• _Work to be completed_:
With the pictures left out, output the records below exactly.
*** Opening Supplied records ***
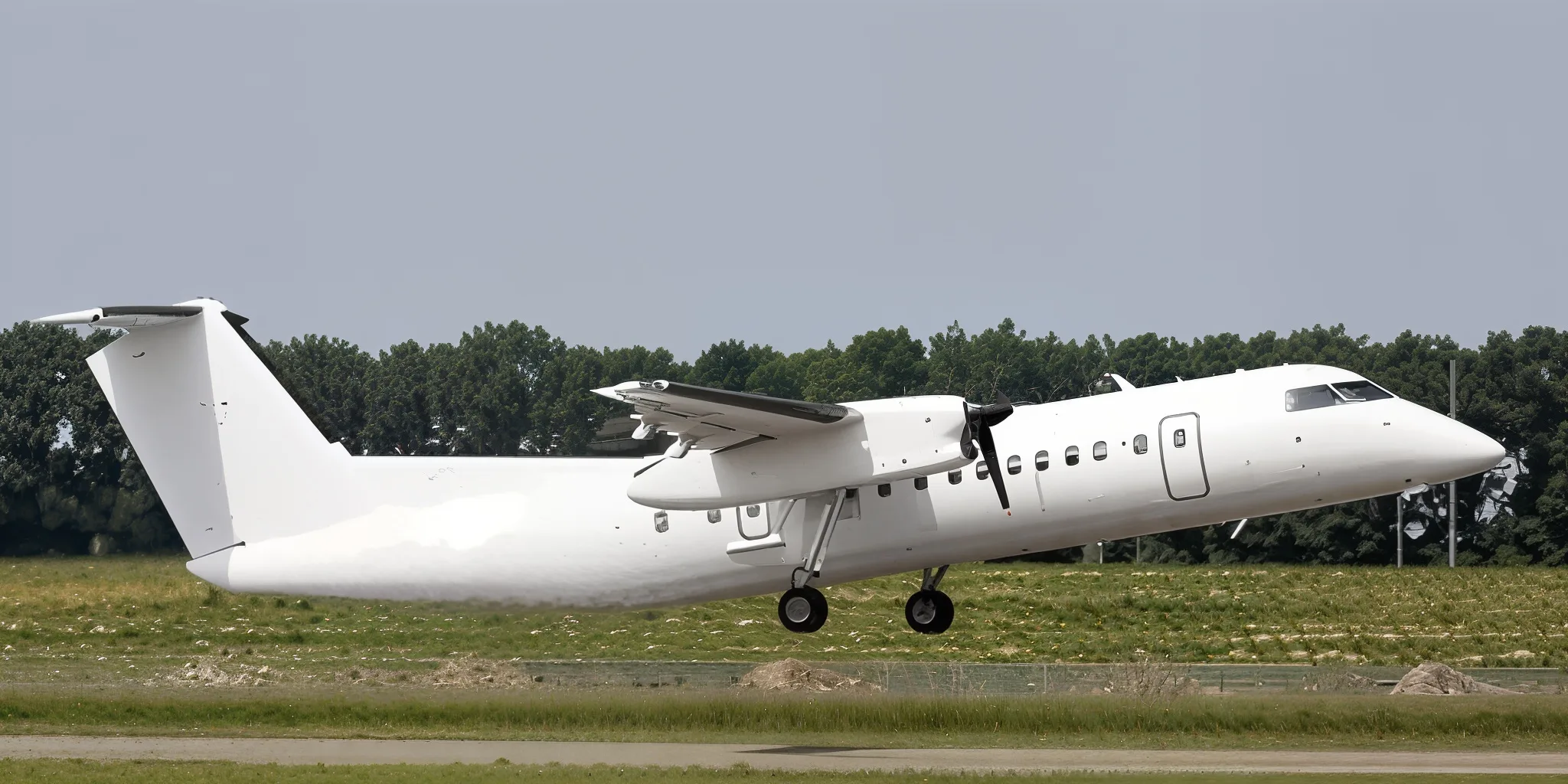 A white turboprop aircraft with landing gear extended, flying low over a grassy airfield.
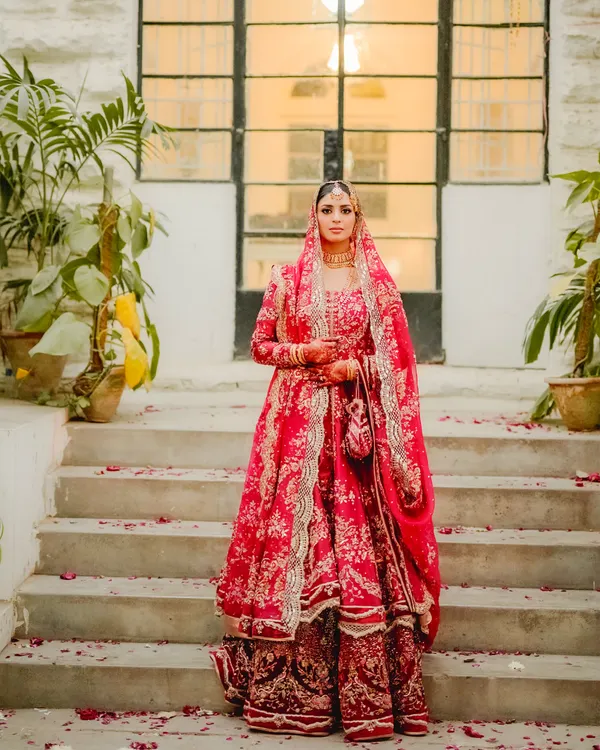 Here is a bride embodying pure grace and elegance on her Nikah day. Her magnificent red lehenga stands out against the timeless stone architecture, creating a portrait that is both regal and deeply personal. I believe in capturing the bride's individual story and presence in a way that feels majestic.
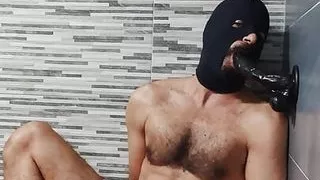 Masked daddy moaning and sucking dildo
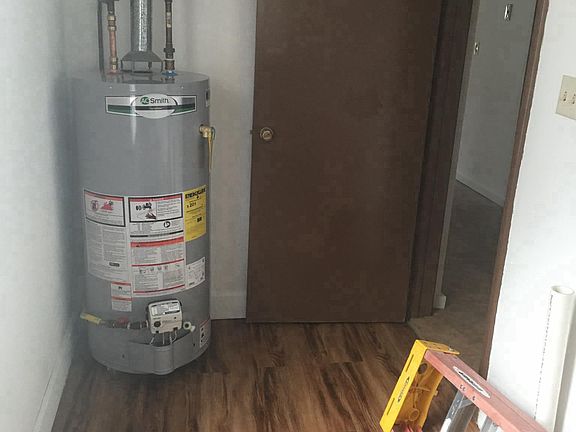 Laundry room with new hot water heater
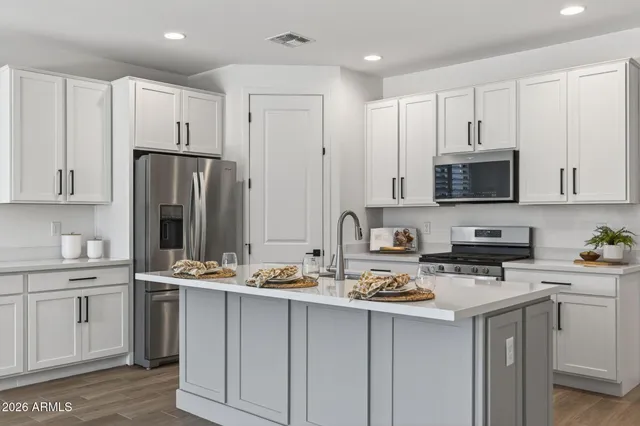 a kitchen with stainless steel appliances a stove refrigerator sink and microwave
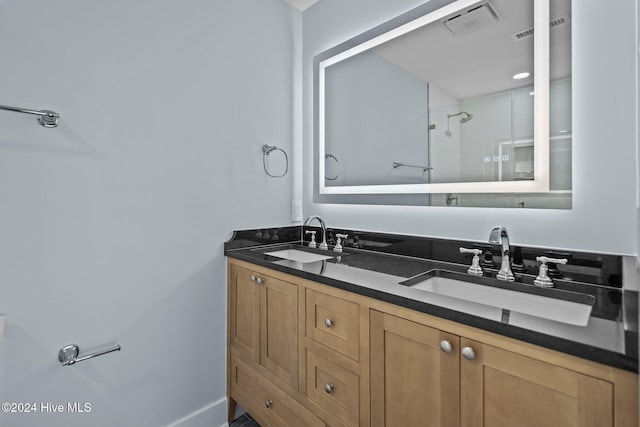 full bathroom with double vanity, a shower, a sink, and visible vents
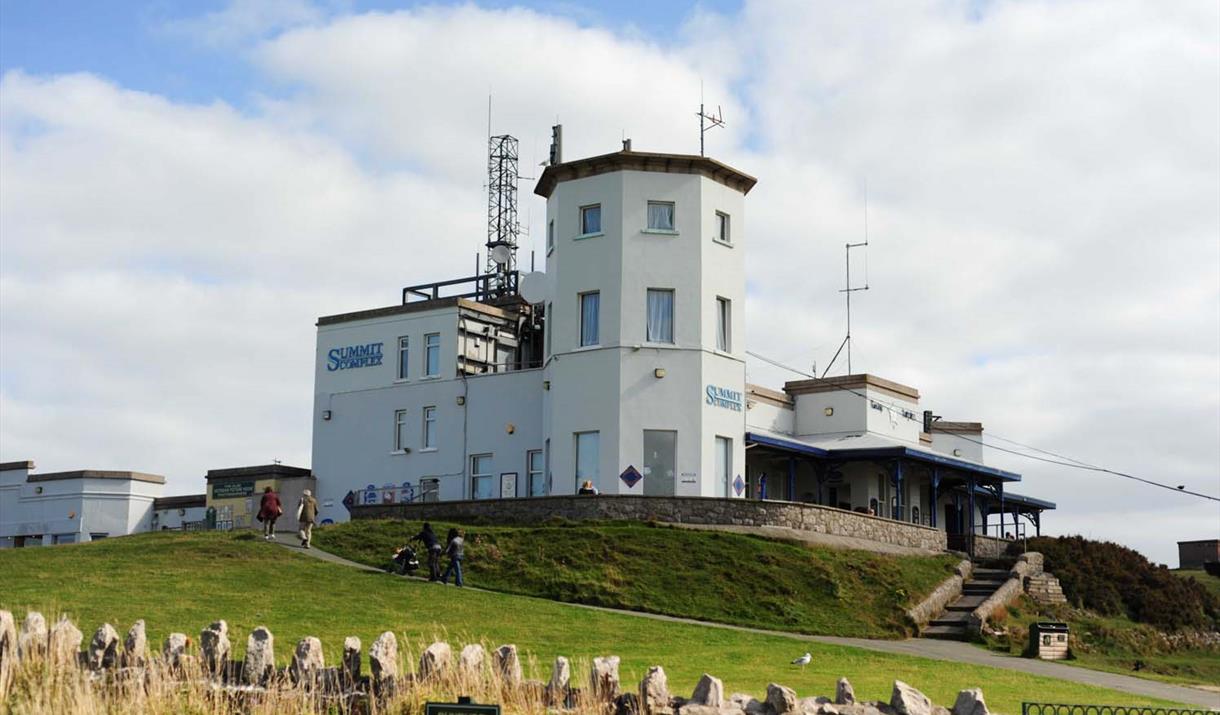 A large white building is sitting on top of a grassy hill.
*** Closing Supplied records ***
• _Written response_:
 A white turboprop aircraft with landing gear extended, flying low over a grassy airfield.
 Here is a bride embodying pure grace and elegance on her Nikah day. Her magnificent red lehenga stands out against the timeless stone architecture, creating a portrait that is both regal and deeply personal. I believe in capturing the bride's individual story and presence in a way that feels majestic.
 Masked daddy moaning and sucking dildo
 Laundry room with new hot water heater
 a kitchen with stainless steel appliances a stove refrigerator sink and microwave
 full bathroom with double vanity, a shower, a sink, and visible vents
 A large white building is sitting on top of a grassy hill.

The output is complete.